Di pantai itu saya berkenalan dengan seorang anak muda, namanya Sanu. Saya bersyukur karena semua seperti sudah dimudahkan jalannya dan Sanu ternyata sangat baik. Dia membawa saya ke daerah tempat tinggalnya yang berjarak 2 - 2,5 jam dari tempat kami bertemu itu. Jauh sekali, dan masuk ke dalam pedesaan yang jauh dari jalan utama. Awalnya saya cemas, tapi entah kenapa perasaan itu cepat hilang. Dia memperkenalkan saya dan kawan-kawannya yang juga sangat baik, ramah dan sederhana. Berhubung saya orang Jakarta, pikiran negatif sempat hadir, tapi kemudian saya usir jauh-jauh. Saya percaya, jika niat kita tidak buruk, maka orang lain juga tidak berniat buruk pada kita. Sanu itu pribadi yang sangat kocak tanpa dia sadari, cita-citanya ikut Indonesian Idol dan menjadi artis terkenal di Jakarta, tetapi karena dia selalu mabuk darat jadi tidak pernah mau lagi ke Jakarta. Dan lucunya, dia selalu bernyanyi dengan penuh penghayatan, lengkap dengan vibra dan desahan-desahan, tidak hanya bersenandung, hahaha. Kemudian saya juga berkenalan dengan keluarga lain, yang kebetulan saat itu di rumahnya ramai karena sedang ada syukuran. Semua orang di rumah itu bukan main baiknya. Awalnya saya kikuk sekali dengan keadaan itu. Keadaan asing, dengan orang-orang asing, dengan daerah yang asing tetapi perlakuan mereka seperti tidak asing buat saya. Hangat. Mereka bertanya kenapa saya pergi sendirian ke daerah kecil? Suntuk, jawab saya. Tiba2 Ibu Eno berkata,"Saya ndak melihat kamu sedih sih, tapi kamu kelihatannya capek sekali, pikirannya". Lalu saya dipersilahkan untuk menginap di rumah mereka.

Esok harinya, saya ingin ke pantai karena menurut orang-orang sekitar di daerah itu banyak pantai-pantai bagus. Kemudian saya pergi sendirian ke beberapa pantai baru atas petunjuk mereka. Sekitar 1 jam perjalanan, lalu saya menemukan beberapa pantai kosong yang indah.

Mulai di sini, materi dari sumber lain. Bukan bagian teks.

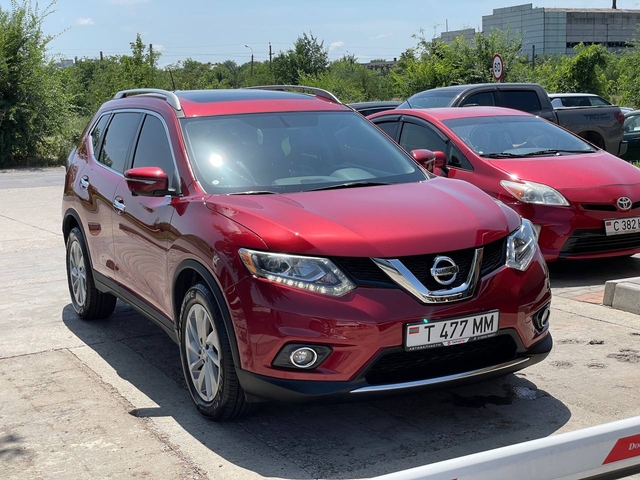 Nissan Rogue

Seharian saya menyibukkan diri dengan pindah ke pantai-pantai lain, mengambil foto dan video sambil berpikir apa lagi yah yang saya cari di sini?





Hingga malam harinya, ketika saya berkumpul untuk makan malam bersama mereka, entah kenapa perasaan saya damai sekali. Makan malam sederhana, berbagi obrolan menyenangkan yang membuat saya diterima. Kebersamaan yang entah kenapa membuat saya nyaman, walaupun baru kenal dengan mereka. Setelah makan malam selesai, Ibu Eno mendatangi saya dan bertanya, "Kamu cari apa sebenernya?". Akhirnya saya menceritakan semuanya kepada beliau. Dan ini jawabannya:

"Kebahagiaan itu sederhana. Bentuk alaminya seperti udara yang kamu hirup, sinar matahari yang bisa dinikmatin gratis dan kasih sayang sesama. Coba kamu pelajari lagi apa yang berarti buat kamu, dan apa yang tidak seberharga itu untuk dibuat mumet. Pikirkeun lagi apa yang dibutuhkeun dan apa yang hanya diinginkeun, ndak perlu ngoyo. Semakin kamu mencari, semakin kamu ndak pernah sadar bahwa sebenarnya kebahagiaan itu sudah ada di sekitar kamu. Selalu mau lebih terus, ndak apa-apa sebenarnya, itu manusiawi, tapi sewaktu-waktu kita perlu juga sadar untuk berhenti sebentar, istirahat dan bersyukur, itu kunci utamanya."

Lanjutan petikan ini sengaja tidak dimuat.